It is a positive step to embrace accountability and measurement, but it may be a huge waste of capability and talent to become slaves to numbers and the analytic models that drive them. As marketers and strategist we need to make judicious choices, based on our knowledge of the past and develop robust processes to shape the future of consumer experiences through brands. As such the fundamental task of how to measure success is upon the strategist. Thus the important element of planning is what to measure? why to measure? and how to measure?
This morning's article in MediaPost - Marketing Accountability: The Long And Short Of It, on our sudden fascination with measures and accountability in Marketing and the long versus short term implications of on Equity & Brand health addresses some for the pitfalls. Some nuggets from the article are listed.

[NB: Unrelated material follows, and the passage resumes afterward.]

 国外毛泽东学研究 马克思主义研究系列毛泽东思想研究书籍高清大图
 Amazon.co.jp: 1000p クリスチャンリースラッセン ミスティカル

So how are we supposed to use ROI effectively?
- Balance short-term ROI with long term brand equity. And by short-term, we mean within a year and by long-term we mean three years out. A marketing plan requires striking a healthy balance between tactics that yield a high short-term ROI, and those that are essential to driving sales in the long term.
- No long-term gains without short-term. If your advertising doesn't work in the short-term it won't have a long-term impact. Bad advertising fails at the starting gate. But good advertising carries over into the future.
- Understand your audience. Don't put the cart before the horse. Researching how you spend your dollars is effective only after you know whom you should be talking to and what you should be communicating.